### About this exercise
Only the lines below from the one that holds "Note: you cannot" through the one that holds "If you are building" should appear in the answer, copied exactly, end lines included and pictures omitted.

[Recorded data Boundary: Start]

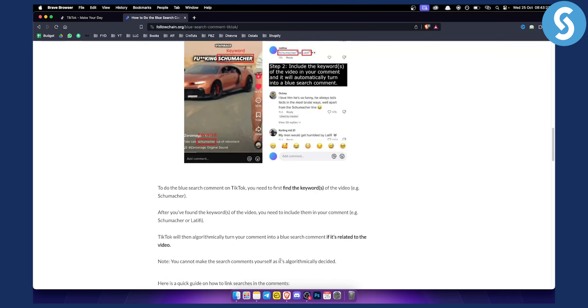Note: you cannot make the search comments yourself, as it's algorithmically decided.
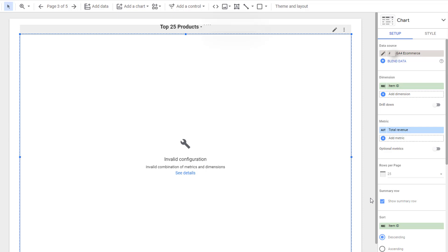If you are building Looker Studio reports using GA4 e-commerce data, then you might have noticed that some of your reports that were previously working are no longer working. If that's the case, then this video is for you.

[Recorded data Boundary: End]
[Recorded data Boundary: Start]

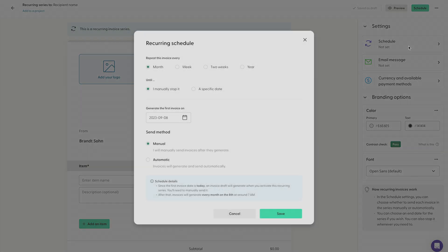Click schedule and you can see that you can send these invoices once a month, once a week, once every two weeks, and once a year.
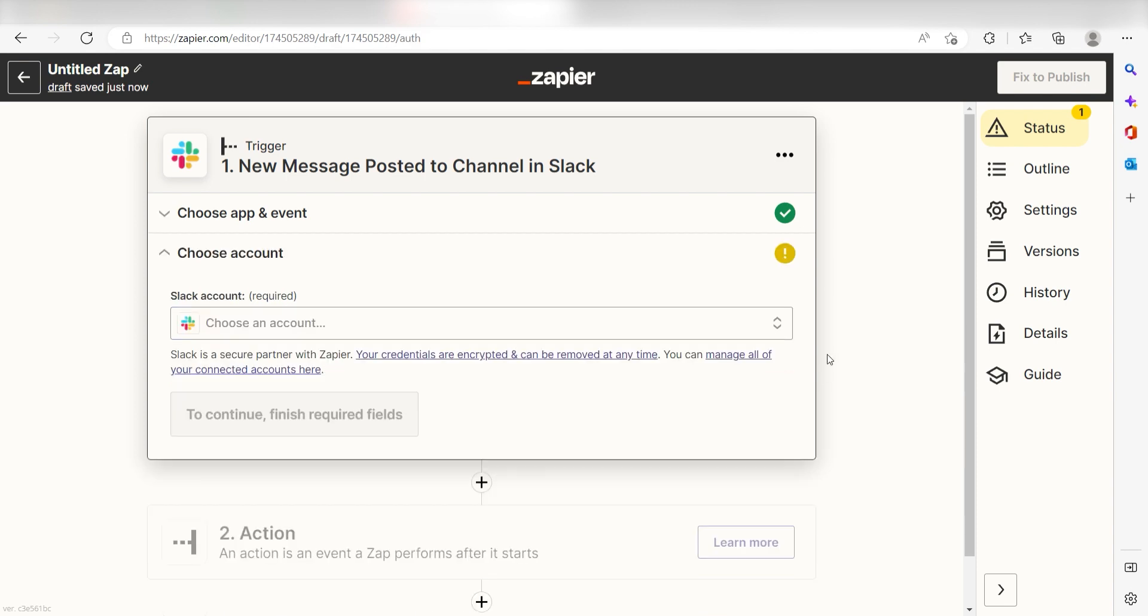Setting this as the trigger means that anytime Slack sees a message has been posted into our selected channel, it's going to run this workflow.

[Recorded data Boundary: End]
[Recorded data Boundary: Start]

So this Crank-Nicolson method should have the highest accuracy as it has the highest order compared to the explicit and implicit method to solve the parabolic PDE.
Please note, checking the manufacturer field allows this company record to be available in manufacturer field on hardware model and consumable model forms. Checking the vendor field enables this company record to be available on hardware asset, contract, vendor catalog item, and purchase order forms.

[Recorded data Boundary: End]

### Answer box
Note: you cannot make the search comments yourself, as it's algorithmically decided.
If you are building Looker Studio reports using GA4 e-commerce data, then you might have noticed that some of your reports that were previously working are no longer working. If that's the case, then this video is for you.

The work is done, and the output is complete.